To all these things God says, “Trust Me.” God wants you to know his will more than you want to know it. God is more committed to showing you his will than you are to discovering it. He takes full responsibility for getting you from here to there step by step. Hebrews 13:5 “Never will I leave you.” And he won’t. Psalm 32:8 “I will instruct you and teach you in the way you should go.” And he will. Matthew 28:20 “Surely I will be with you always.” And he is.

We think that God’s will is hard to find. The biblical perspective is quite different. God will reveal his will to anyone who is willing to do it. That leads me to one final thought: God ordinarily will not show you his will in order for you to consider it. He won’t show you his will so you can say, “Maybe I will … maybe I won’t. How about Plan B, Lord?” He will show you his will when he knows you are willing to do it.

“Get to know the character of God.” Nothing will sustain the children of the Lord in hard times like knowing God’s character. You don’t “learn what God is like” by going to seminary and memorizing the attributes of God. You learn what God is like in the darkness of the night, when you feel overwhelmed and burdened and full of fear and uncertainty. Learn his holiness. Exult in his mercy. Ponder his patience. Consider his ways. Meditate on his goodness. Remind yourself of his justice.

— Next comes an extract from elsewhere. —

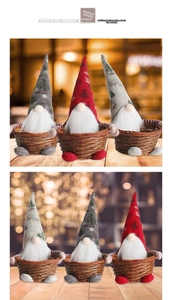 Three-piece set of Christmas gnomes sitting in woven candy baskets for holiday decor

Rest on his faithfulness. Linger at the foot of the cross. Memorize his promises. Pray the psalms back to him. Testify to his kindness. Declare his glory. Defend his honour. Be silent before his judgments. Get to know the Lord. Nothing matters more than this. You might even say that the whole purpose of our earthly journey is for us to get to know what God is like.

Job 23:10 “He knows the way that I take; when he has tried me, I shall come out as gold.” He knows the way that I take even when I don’t. He knows the way that I take even when I can’t see clearly. He knows the way that I take even when I get lost.

Looking back, we find it easy to count our blessings and to see the hand of the Lord moving on our behalf. Even when we think we’ve arrived, we haven’t. Even when we think, “I’ve made it at last,” life suddenly changes and we take a sharp bend in the road. But the journey itself ought to be enjoyed -we should use it to learn what God is like.

“Heavenly Father, you are in charge of everything that will happen to me today–whether it be good or bad, positive or negative. Please make me thankful for everything that happens to me today. Amen.”

This prayer is powerful because it doesn’t change anything outside of me, but it does change everything inside of me. My circumstances don’t change, but my attitude does.